_TASK TO COMPLETE_
Copy exactly the lines starting at the one that contains "Centro condo Unit" and running through the end of the material below. Exclude any pictures.

_DATASET RECORDS_
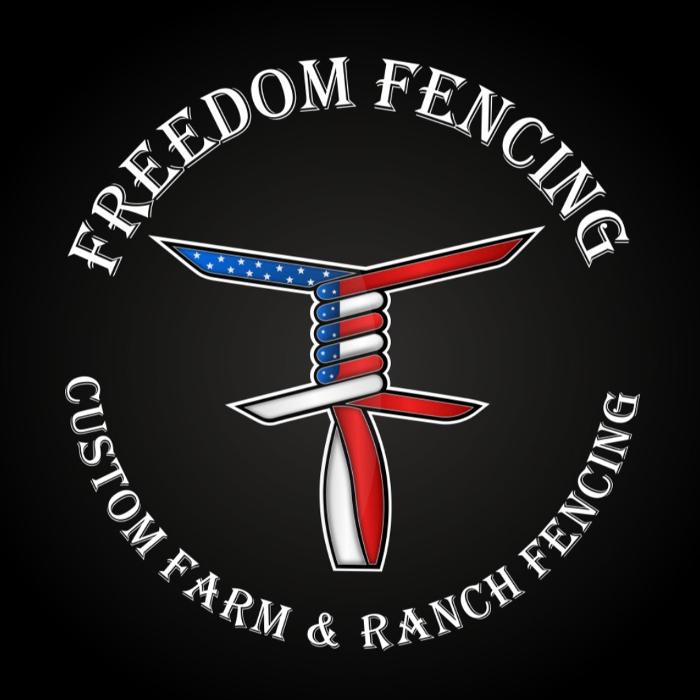 Freedom Fencing LLC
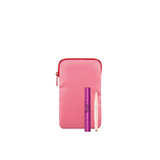 Pupa Milano - Vamp! Lash Extender + Creamy Duo Set | MazenOnline
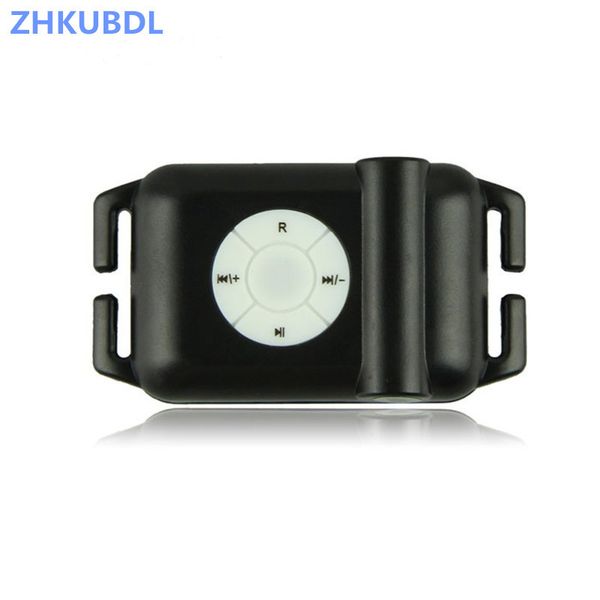 zhkubdl ipx8 waterproof mp3 player 4gb 8gb for swimming surf scuba diving wearing type earphone clip
zhkubdl ipx8 waterproof mp3 player 4gb 8gb for swimming surf scuba diving wearing type earphone clip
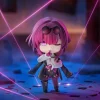 Nendoroid Kafka (Honkai: Star Rail)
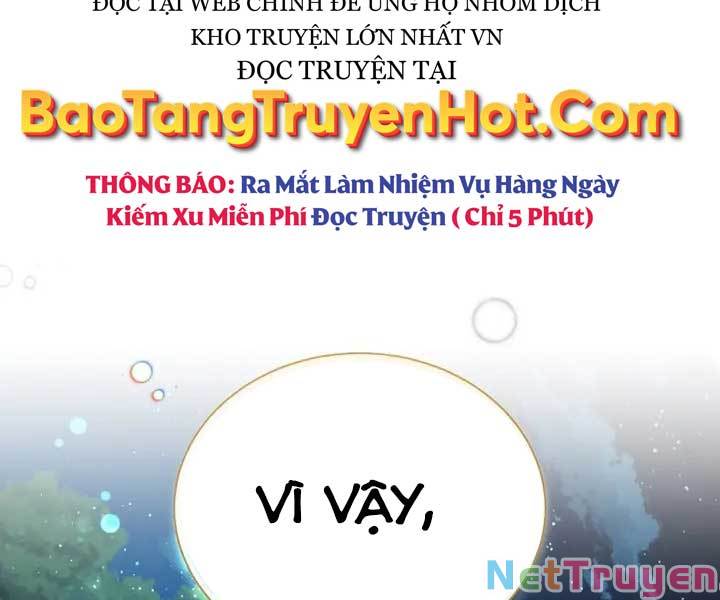 Sự Trở Lại Của Pháp Sư Cấp 8 Chapter 66 - Trang 102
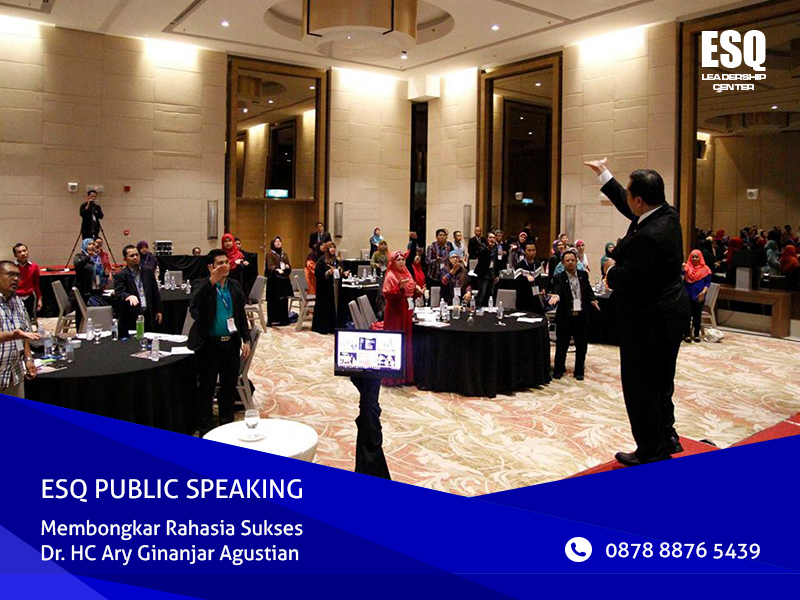 Seminar-Public-Speaking,-Workshop-Public-Speaking,-Tips-Menjadi-Public-Speaker,-Cara-Menjadi-Public-Speker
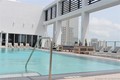 Centro condo Unit 1403, condo for sale in Miami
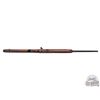 Image 8 : NICE Winchester Model 43 Deluxe .22 HORNET Bolt Action Rifle in Original Factory Box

_ANSWER_
 Centro condo Unit 1403, condo for sale in Miami
 Image 8 : NICE Winchester Model 43 Deluxe .22 HORNET Bolt Action Rifle in Original Factory Box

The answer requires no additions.